La politique des savoirs dans la société du risque

2004

Ulrich Beck enseigne à l’Institut de Sociologie de Munich. Son livre, La société du risque, écrit entre Bhopal et Tchernobyl a connu en Allemagne (1986) puis dans le monde anglo-saxon un énorme succès et a fortement influencé la pensée écologiste.

Si le sociologue s’est rapproché dans les années 1990 d’Anthony Giddens et d’une pensée"Troisième voie", le premier Beck des années 1980 nous apporte une pensée forte et radicale. Beck poursuit la grande réflexion de Weber. Il considère que le processus de modernisation et de rationalisation, qui avait sapé la société féodale et engendré la société industrielle, se poursuit aujourd’hui -sur un mode réflexif rejetant les icônes du progrès- pour nous conduire dans un nouvel âge historique, la "société du risque".
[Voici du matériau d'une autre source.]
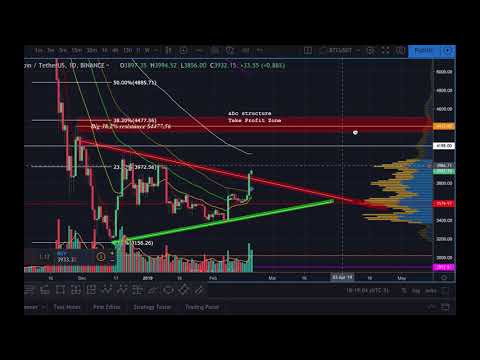 BITCOIN WILL GO DOWN (But it'll go up first!!!) (PART 1)
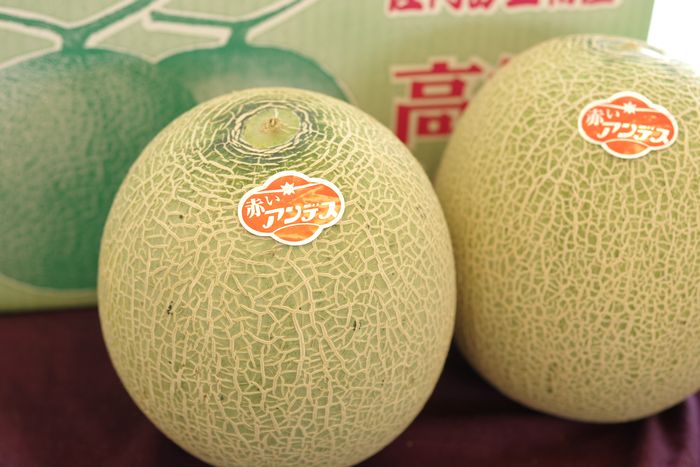 赤いアンデス通販 庄内砂丘アンデスメロン 山形県産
La société du risque n’est pas une société où la vie est plus dangereuse, mais où l’incertitude et les risques envahissent les consciences et la scène politique. Du coup ce sont aussi les savoirs scientifiques qui acquièrent une nouvelle importance dans l’espace public, à la fois plus controversés et plus indispensables.
Ce texte écrit à la fin des années 1980 nous permet non seulement de sentir le contexte critique qui a rendu possible l’affirmation du principe de précaution (pas encore évoqué ici), mais aussi d’ouvrir de premières pistes pour faire entrer les techniques et les sciences en démocratie. Car la société du risque est une société "scientifisée", qui en retour doit politiser la science.
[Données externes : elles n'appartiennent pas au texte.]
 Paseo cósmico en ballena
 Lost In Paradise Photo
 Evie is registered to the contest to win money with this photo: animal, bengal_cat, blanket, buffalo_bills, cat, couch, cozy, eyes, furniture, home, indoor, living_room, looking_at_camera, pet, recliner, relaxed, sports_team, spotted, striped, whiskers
L’irruption de la question du risque

Le risque n’est-il pas aussi vieux que l’industrialisation, que le monde ? Avec l’accroissement de l’espérance de vie, les conquêtes de l’État providence et les progrès de la technique, ne vit-on pas aujourd’hui dans les pays riches dans un monde moins risqué qu’auparavant ? La dramatisation actuelle des risques n’est-elle qu’un effet de mode médiatique ?
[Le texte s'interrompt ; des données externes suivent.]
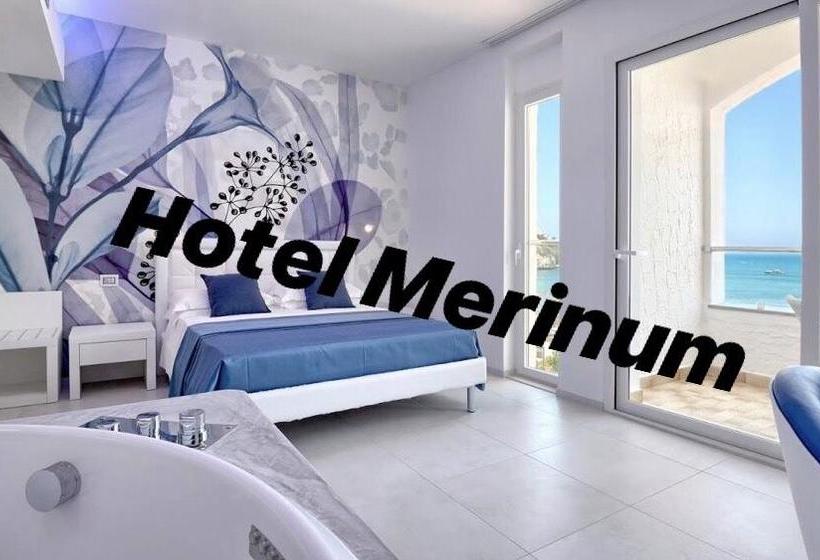 בית מלון כפרי Merinum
Il importe tout d’abord de distinguer catastrophe naturelle et risque. Peu importe en effet que les fléaux qui frappaient et frappent l’humanité -épidémies, famines, colères des dieux etdémons...- soient d’ampleur comparable ou supérieure au pouvoir destructeur des grandes techniques modernes. À la différence des dégâts d’une guerre ou d’une catastrophe, le risque naît dans des circonstances "normales", c’est à dire d’activités menées par les incarnations de la rationalité et de la prospérité avec la bénédiction des garants de la loi et de l’ordre public. Ce qui fait toute la différence, c’est que les risques, eux, relèvent de décisions, c’est à dire de choix arrêtés au vu d’avantages et de possibilités technico-économiques. Le risque implique donc des considérations utilitaires et des décisions industrielles dans un monde aujourd’hui entièrement pénétré par la technique. On ne peut plus imputer la responsabilité à un facteur externe tel la nature, Dieu ou la malchance. Parce qu’ils résultent de décisions, les risques posent le problème incontournable de l’imputation et de la responsabilité à l’intérieur de la société même, bien que les règles scientifiques et juridiques en vigueur ne prévoient l’attribution de la responsabilité que dans des cas exceptionnels.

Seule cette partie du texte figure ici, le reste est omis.